Atlanta based writer/filmmaker Mehka King is hard at work on a documentary “The Color Green,” that centers around the lack of people of color working in the legal cannabis industry.
King and the film’s director Danny Digital, recently hosted a conference encouraging minority involvement in the cannabis business in Atlanta called The Color Green: Cash Color Cannabis. The pair hope to soon hold similar sessions in Orlando and Philadelphia.
King told Elevated Nation he hopes the film and the seminars promote awareness of several issues he says keep minorities at a disadvantage regarding entry into the legal cannabis industry.
“I call it the three Ps: Politics, pop culture and past feelings,” that keep people of color out of the cannabis industry,” King explains. “Politics and law we see as a system that plays loose with our lives. You know friends and family members who have been through the system, it’s hard for people to put in their minds that they could become involved in a legal cannabis enterprise,” he said.
The film examines the proliferation of medical and legal cannabis in the country and how minorities fit in the new industry. It covers the war on drugs and how it disproportionately impacted minority communities and how those impacted can try to find work in legal cannabis.

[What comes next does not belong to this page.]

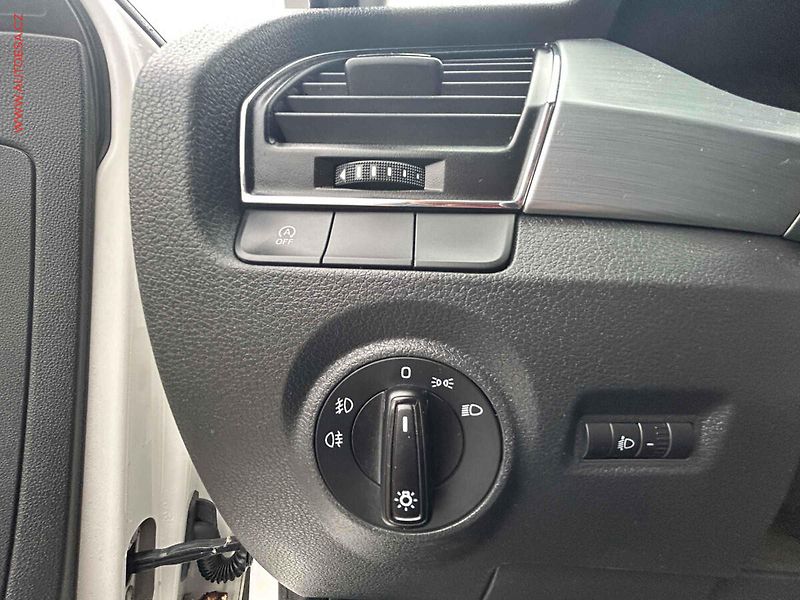 Škoda Fabia (2015) 1.4 TDi, ČR, AC, temp - fotka 13 z 15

King’s interest in the topic of minorities in the cannabis field sprung from a conversation with a friend who makes edibles and planned to move to Colorado. “He said he had gone to all these conferences and rarely saw people of color. I would have thought the whole industry would be full of black and Latino people,” King said. “I started doing research into that and a lot of people that we speak to will mention that they won’t even look into it because they had a problem in the past. They don’t want to revisit something they put in the past. Good to see what’s going on in Oakland where they’re trying to get people involved or at least allow them to have access.”
“Legalization is coming. Medical is growing and taking over more and more states,” says King, whose own state of Georgia has an extremely limited medical marijuana program. There’s currently only one dispensary in the state, but he is optimistic that Florida’s recent medical marijuana passage will cause Georgia to get its act together and improve its own medical cannabis system.
“The change we are trying to impact is to have people of color take more control locally over politics, where dispensaries are going to be placed and also to realize that we are the media these days,” King says. “If you don’t like the perception of how people of color are being portrayed as cannabis users, you can change that. You don’t have to wait for HBO or VICELAND, you can write something, shoot a video, take more control of media from a do it yourself standpoint.”